Infatti, da esponenti che già hanno abbandonato Forza Italia, da altri che meditano di farlo ed, in ogni caso, non intendono subire una coabitazione forzata con Salvini e la Meloni, dai “renziani” che stanno fuori o dentro il PD, senza escludere il movimento di Calenda, pare che molti appetiti concorrano a delineare – per quanto il disegno sia, per ora, appena tratteggiato a matita – il cosiddetto “partito per Draghi”. Non – è stato precisato – “di”, ma “per” e qui la preposizione non è una sottigliezza trascurabile, ma un dato sostanziale.
Segnala, infatti, e qui sta l’originalità inedita della questione, che qualunque cosa sia questo presunto, eventuale partito – un rassemblement, un movimento d’opinione, un cartello elettorale, un’alleanza più o meno organica e strutturata, in prospettiva un partito vero e proprio – nascerebbe non su iniziativa del leader cui si intitola, ma addirittura a sua insaputa e fors’anche, appunto, a suo dispetto. A suo dispetto, con ogni probabilità, doppiamente.
Intanto per chiamarlo fuori dalla corsa al Quirinale, dove l’autorevolezza di Draghi fa, se non altro, ombra a qualunque altro pretendente. In secondo luogo, perché, fino a prova contraria, non risulta, almeno finora, che Draghi abbia mai pensato o pensi alla fondazione di un partito, che inevitabilmente nascerebbe nel segno di quella esasperata personalizzazione che della politica rappresenta un tarlo corrosivo tra i più dannosi.

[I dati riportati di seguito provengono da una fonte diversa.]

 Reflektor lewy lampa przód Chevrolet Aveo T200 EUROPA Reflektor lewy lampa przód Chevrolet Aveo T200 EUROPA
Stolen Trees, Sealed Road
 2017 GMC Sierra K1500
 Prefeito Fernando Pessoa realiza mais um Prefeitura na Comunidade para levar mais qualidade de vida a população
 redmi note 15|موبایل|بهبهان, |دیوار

C’è chi vede tale partito al “centro” dell’attuale sistema politico, caricando, in tal modo, su questa fatidica parola un ulteriore carico di ambivalenza, anzi di ambiguità di cui francamente non ha bisogno, talmente ne è già oberata di suo. Altri cercano di intestarlo al centro-destra. Non è escluso che, prima o poi, la stessa rivendicazione provenga anche dall’ altro versante.
Potremmo, insomma, per quel che vale, assistere ad una sorta di tiro alla fune, ma a somma zero. Si tratta, infatti, di un gioco in cui se all’acme dello sforzo, ad uno dei due contendenti sfuggisse di colpo la presa, uscirebbe sconfitto dalla gara, ma l’avversario rovinerebbe a terra e perderebbe a sua volta.

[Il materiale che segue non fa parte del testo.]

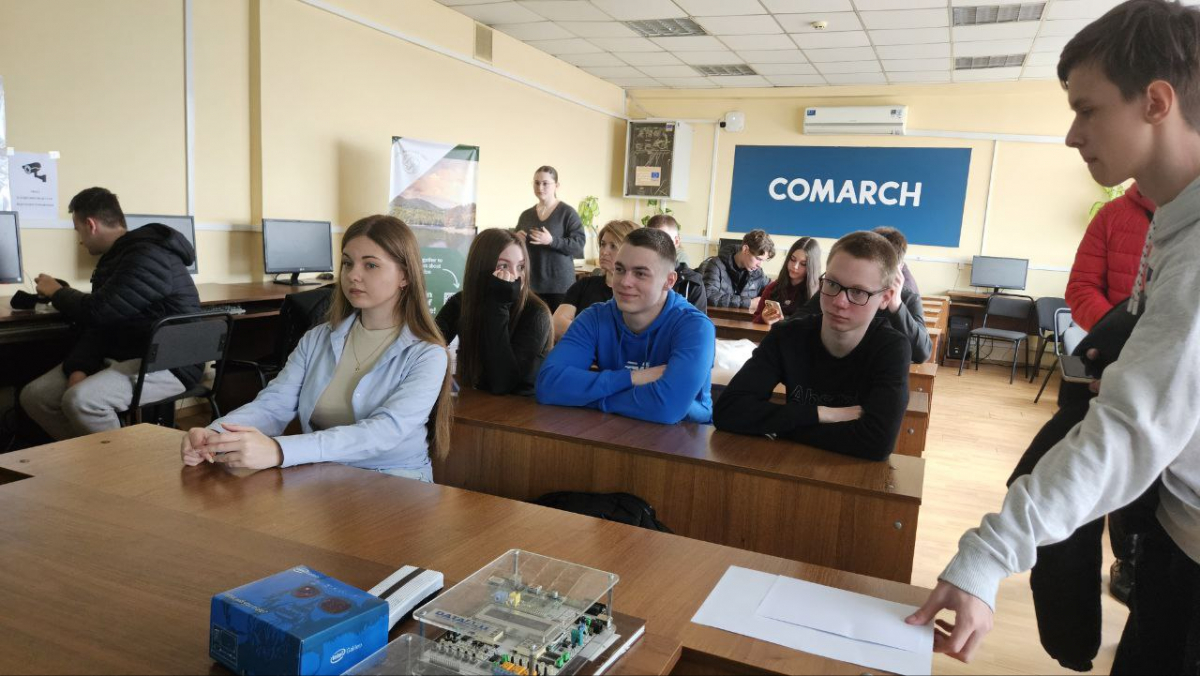 Фото з профорієнтаційного заходу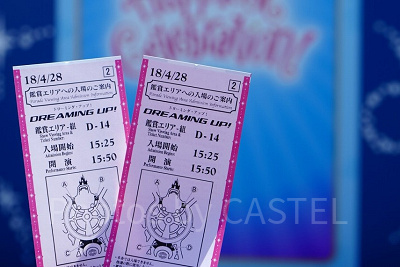 ディズニーの抽選とは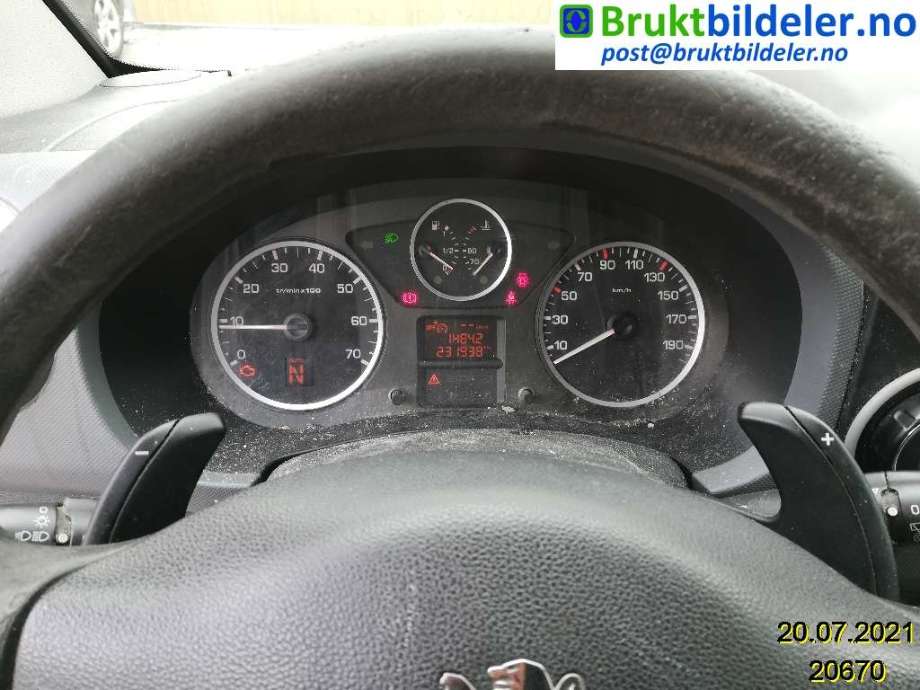 Peugeot Partner 2008-2015 (Type II, Fase 1) , Motorkode: 9HF, Girkassekode:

Non c’è dubbio che Draghi sia una risorsa di grande rilievo per il nostro Paese, soprattutto per quanto ci accredita o ci riaccredita sul piano internazionale dopo la caduta di credibilità e di semplice stima che abbiamo sofferto nell’intero decorso della seconda Repubblica. Ma è chiaro e lampante che il nostro ordinamento democratico è fondato sulla centralità del Parlamento – tempio della democrazia rappresentativa e della sovranità popolare – in nessun modo sul leader carismatico di turno. Sia chiaro: neppure se si chiama Draghi, per quanto sia competente ed autorevole.

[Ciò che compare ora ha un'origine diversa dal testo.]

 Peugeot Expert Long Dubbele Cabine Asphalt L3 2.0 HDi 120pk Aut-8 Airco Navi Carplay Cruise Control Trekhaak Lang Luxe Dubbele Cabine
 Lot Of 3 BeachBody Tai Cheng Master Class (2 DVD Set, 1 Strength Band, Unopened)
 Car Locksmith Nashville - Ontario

Tanto più considerando come, in nessun modo, il Presidente del Consiglio abbia mai immaginato di lasciarsi trascinare in ruoli o in percorsi che sembrano studiati per ottenere una certa torsione del dettato costituzionale, in vista di una procurata evoluzione del sistema politico orientata verso forme di presidenzialismo e di centralizzazione del potere. Il “partito per Draghi”, in sostanza, tradisce il vecchio abusato italico vizio di ricorrere all’ “uomo forte” del momento che interpreti l’ala del destino che il quel determinato frangente batte sul quadrante della storia.
Questa volta lo si vorrebbe pretendere perfino a suo dispetto. Senonché, non abbiamo bisogno di eroi, né di salvatori della Patria, ma del fisiologico funzionamento delle istituzioni che presiedono alla tenuta democratica del Paese in un momento di transizione difficile, ma, nel contempo, ricco di potenzialità.